Main opposition SYRIZA leader Alexis Tsipras during a parliamentary debate on surveillance conducted by the National Intelligence Agency slammed Prime Minister Kyriakos Mitsotakis as responsible for EYP’s wiretapping of the phone of centre-left PASOK-KINAL leader Nikos Androulakis, and rejected the PM’s assertion that the wiretapping was perfectly legal.
Under current law, the authority that requests surveillance and the prosecutor who issues the surveillance order for reasons of “national security” – Vasiliki Vlachou, who is attached to EYP. in this case – are not obliged to specify what those reasons are.
‘What national security reasons warranted spying on Androulakis?’
Tsipras persistently demanded, as has Androulakis over the last three weeks, that Mitsotakis reveal precisely what were the national security reasons that led a prosecutor to permit the surveillance of the European Parliament deputy, during the party leadership race last autumn, which he won.

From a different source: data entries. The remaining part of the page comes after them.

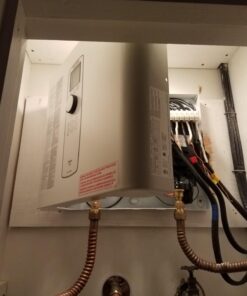 Stiebel Eltron 239223 Tankless Water Heater – Tempra 29 Plus – Electric, On Demand Hot Water, Eco, White, 23 Tempra 29 Plus (29 kW) 34 71n8XVvSRjL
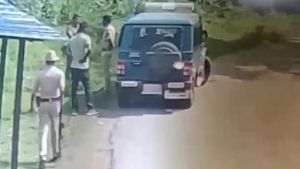 ಕಾರ್ಗಲ್ ಚೆಕ್‌ಪೋಸ್ಟ್: ಪೊಲೀಸ್-ಭದ್ರತಾ ಸಿಬ್ಬಂದಿ ನಡುವೆ ನಿಲ್ಲದ ಪಾಸ್ ವಿವಾದ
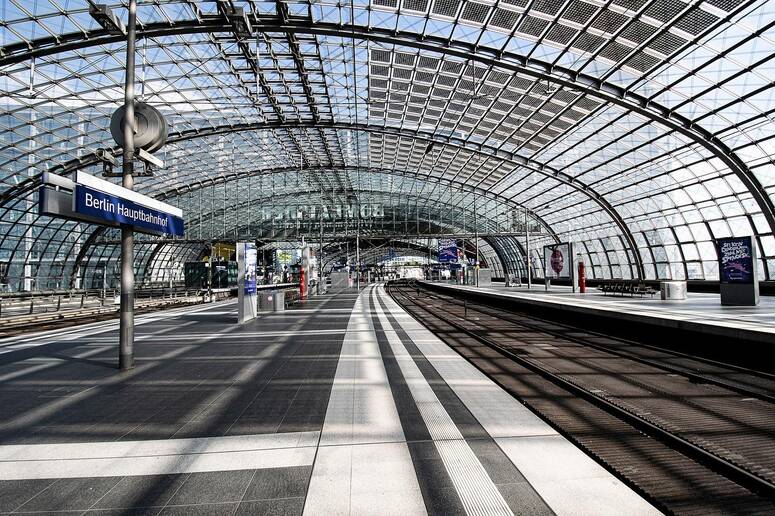 Berlin / Pixabay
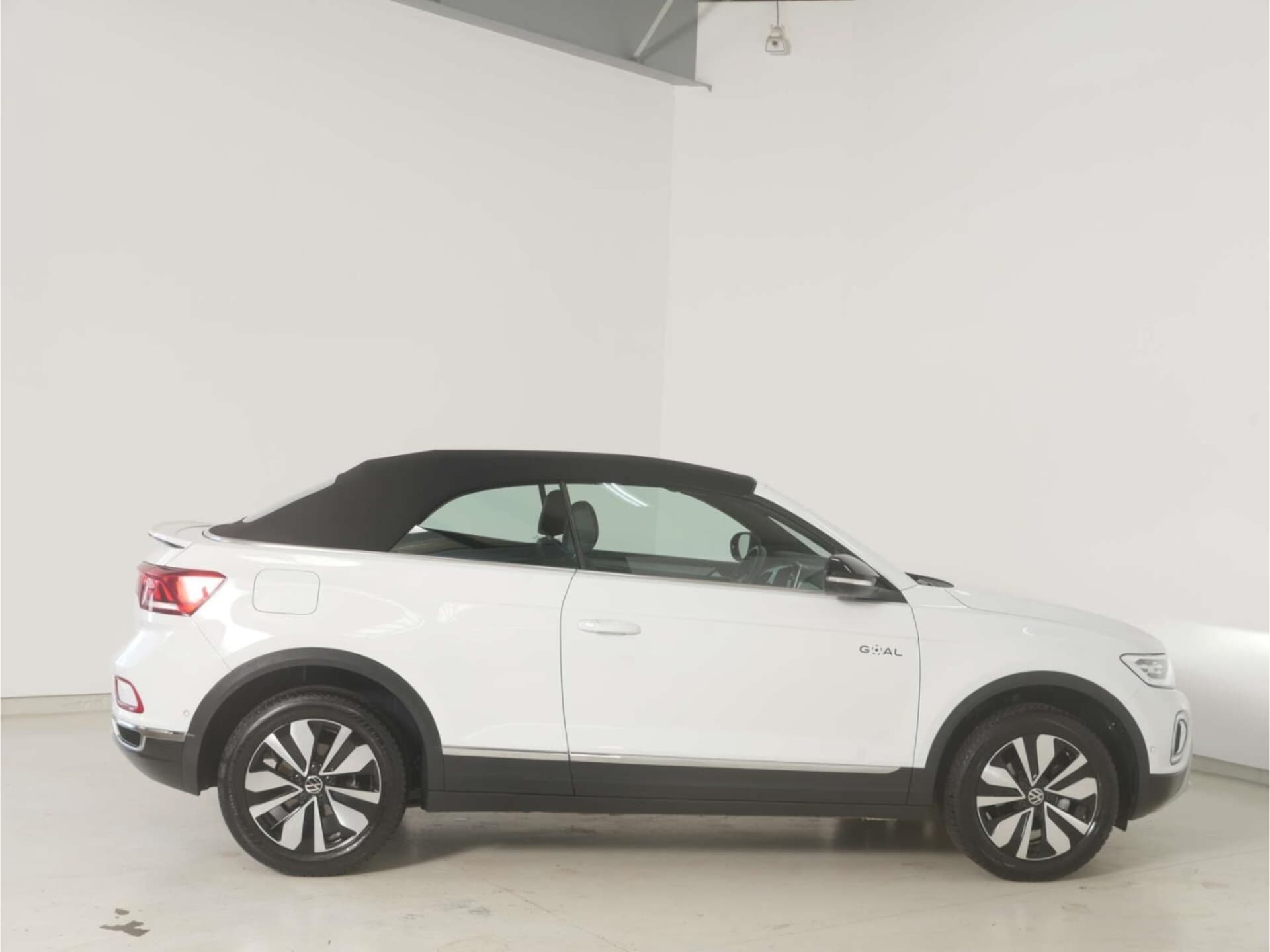 Volkswagen T-Roc Cabriolet Style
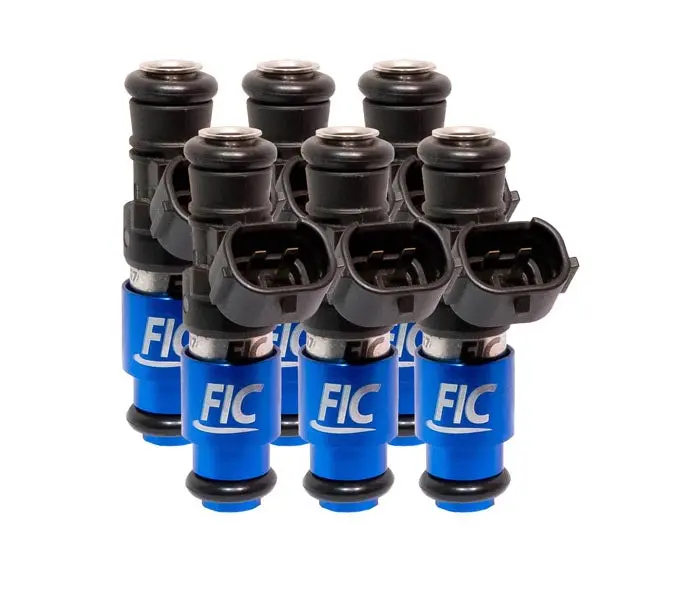 2150Cc Fic Nissan 350Z/370Z Fuel Injector Clinic Injector Set (High-Z) (Is186-2150H) 1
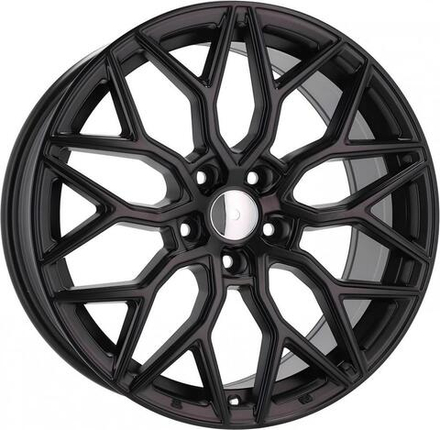 Venti 1719 7x17 5x108 ET 45 Dia 60.1 (BL)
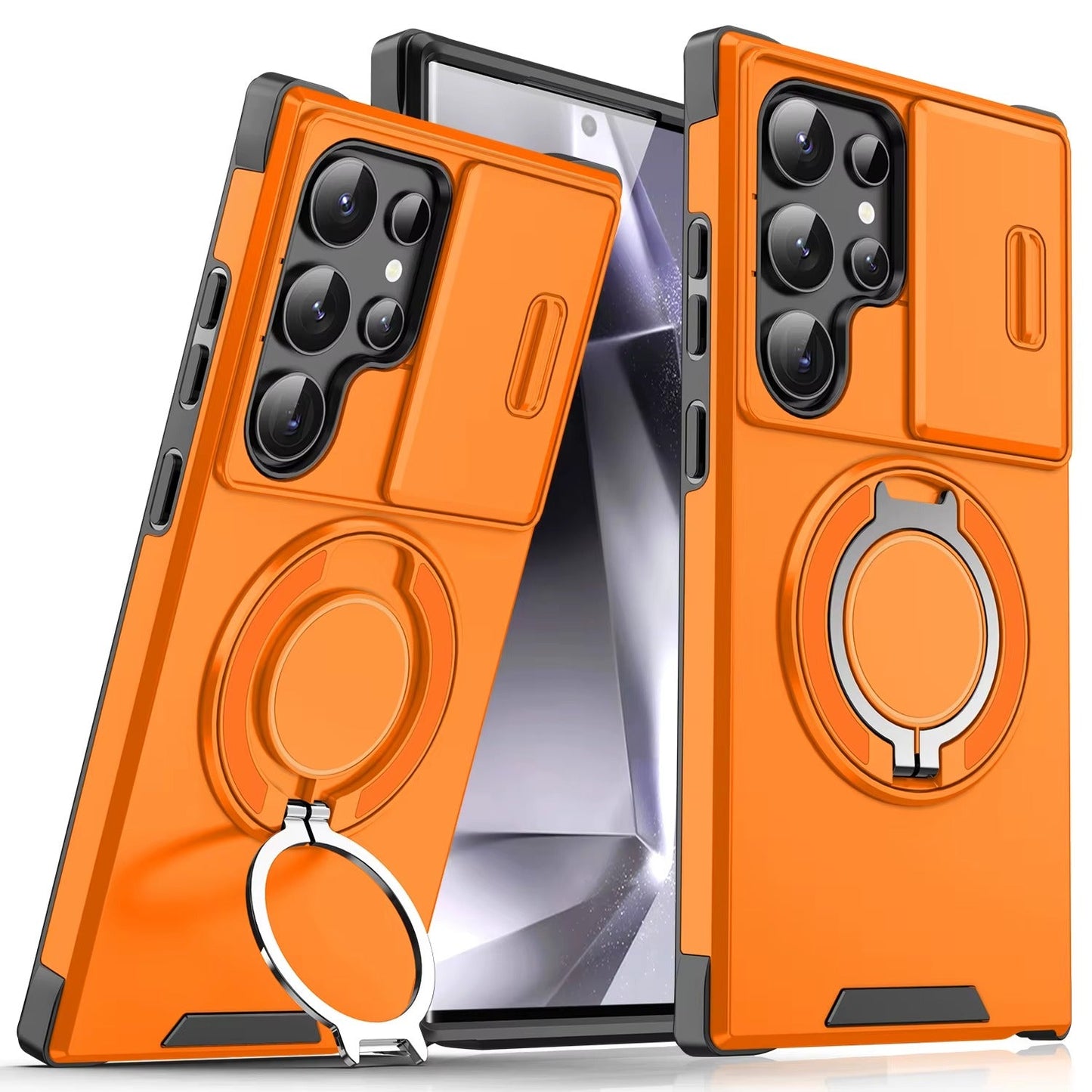 IronClad Slide Cam Kickstand Case - Samsung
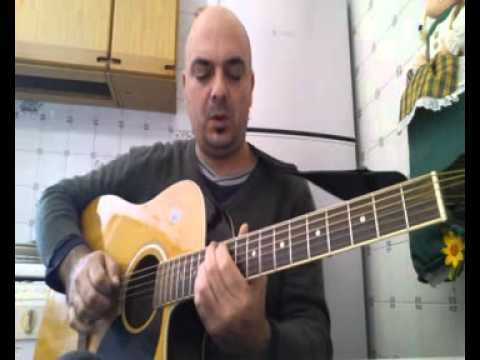 alessandro castiglione all the things you are jazz guitar chitarra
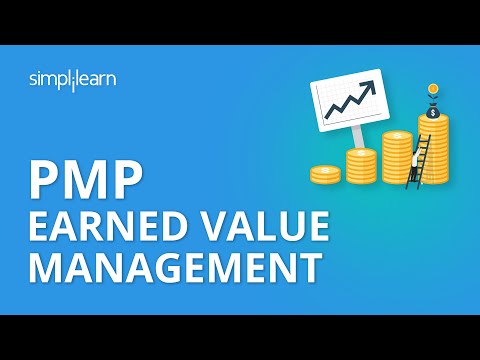 PMPアーンドバリューマネジメント|プロジェクトのアーンドバリュー| PMP®トレーニングビデオ| Simplilearn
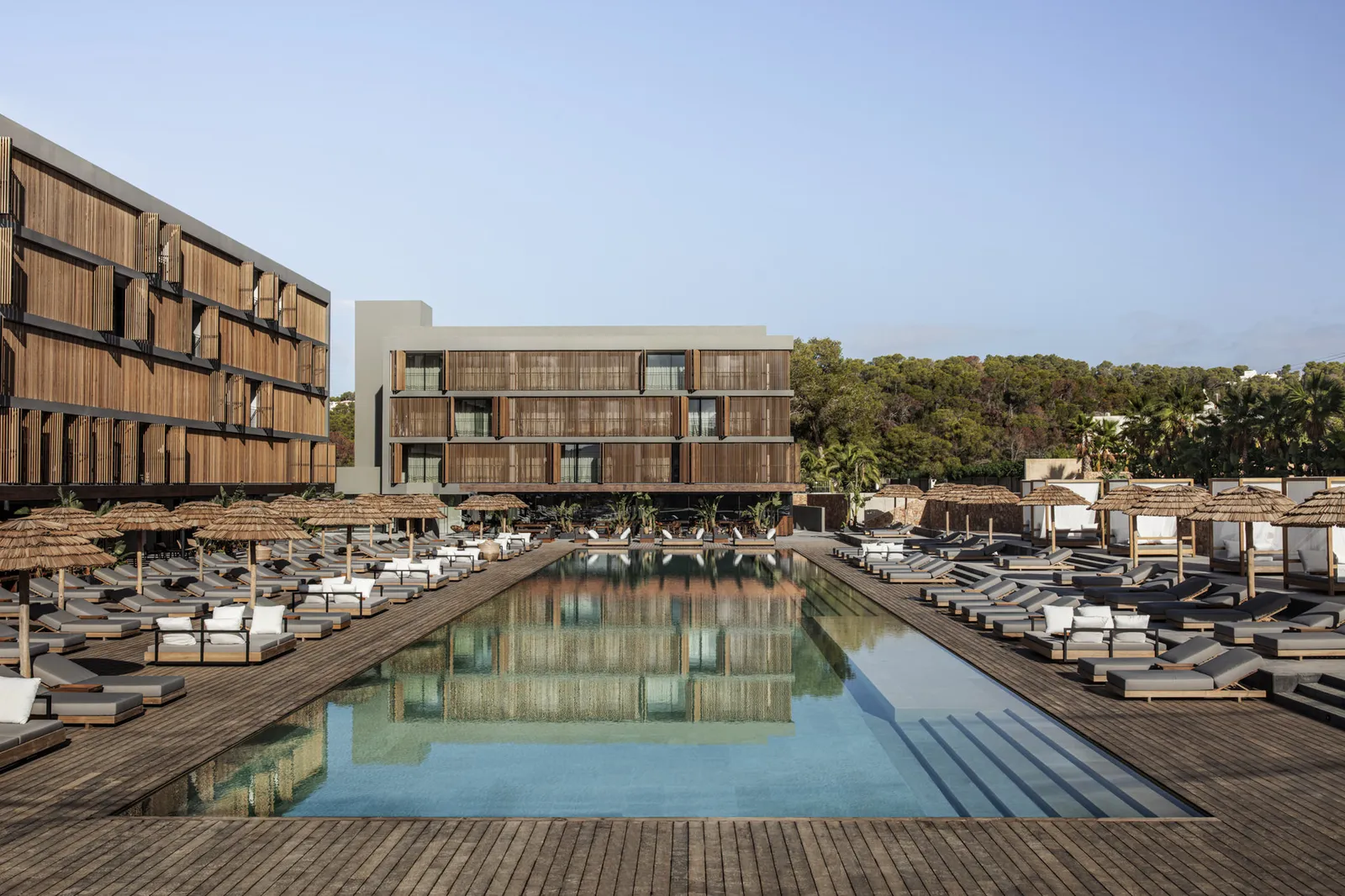 OKU Ibiza — Exterior, Sant Antoni de Portmany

In the likely event that under the current proportional representation law no party is able to form a single-party government, New Democracy, which consistently leads SYRIZA by a significant margin, was widely expected to form a coalition government with centre-left PASOK-KINAL (which places third in the polls], possibly along with some other smaller parties.
Surveillance of Androulakis a ‘criminally punishable act’; ‘the PM cannot hide behind Dimitriadis’
Tsipras said that is inconceivable for Mitsotakis to maintain that the wiretapping of the party leader was legal, and declared that his surveillance by EYP is a “criminally punishable act”.
Soon after his election, Mitsotakis placed EYP under the direct jurisdiction and supervision of the PM’s office, and it was the PM’s chief of staff and nephew (his sister’s son), Grigoris Dimitriadis, who was responsible for the supervision of EYP, a fact that has led opposition parties to maintain that the PM had direct knowledge from the start.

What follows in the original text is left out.